Элл Родд мечтает посетить Советский Союз, расспрашивала меня о советской поэзии и прозе, кто мне лично из советских поэтесс и писательниц особенно близок. Прочитала канадской поэтессе Ларису Васильеву («Спасибо за то, что Вы были сияющим облаком дней, за то, что меня не любили, не знали о страсти моей…»). Назвала Агнию Кузнецову и Майю Ганину…
Естествен вопрос: можно ли быть уверенным, если так отчетливо набирается зрелости общественное сознание, что термоядерная катастрофа будет предотвращена?
Ответ: не знаю!
Озадачивает странный феномен, с которым я столкнулась так: в день моего доклада о нравственных критериях предвоенной и военной советской молодежи я собиралась надеть мои скромные военные награды: просто для подтверждения права говорить не только, допустим, о десятом съезде комсомола, но и об обороне Москвы, о партизанах Белоруссии. Профессор Жанна Эберт, жизнерадостная, энергичная, всегда готовая дать продуманный совет, — она и разносторонне образованный профессор Жак Нувер были самыми деятельными организаторами симпозиума — неодобрительно взглянула на мой парадный жакет. Насколько я поняла из объяснения Жанны Эберт, ее соотечественники сейчас охотно обращаются к первой мировой войне и неохотно ко второй. Потом я не раз убеждалась в правоте Жанны. Например, никто из участников антивоенного симпозиума, кроме представителя Советского Союза, не вспомнил о том, что Страсбурский университет был в 1947 году награжден медалью «За активное участие в движении Сопротивления». Насколько помню, только два доклада, оба писательские — мой и англичанки Виктории Массей, автора недавнего бестселлера «Война одного ребенка», — были непосредственно связаны с годами второй мировой войны.

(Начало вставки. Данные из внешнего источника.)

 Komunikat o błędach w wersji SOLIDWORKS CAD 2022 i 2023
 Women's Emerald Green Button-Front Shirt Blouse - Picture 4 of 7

Чем объяснить это? Может быть, для исторического научного анализа — а большинство участников симпозиума были представителями науки — если не обязательна, то желательна бо́льшая временная отстраненность от событий? Может быть, гораздо проще: разгул антисоветизма ведет к попыткам замолчать или даже извратить историческую правду — в данном случае решающую роль победоносной Советской Армии в победе над фашистской Германией?
— Ваш «простой» вариант очень страшен! — возразила мне Виктория Массей. — Потому что, если не совладать с «холодной войной», «горячая» неизбежна!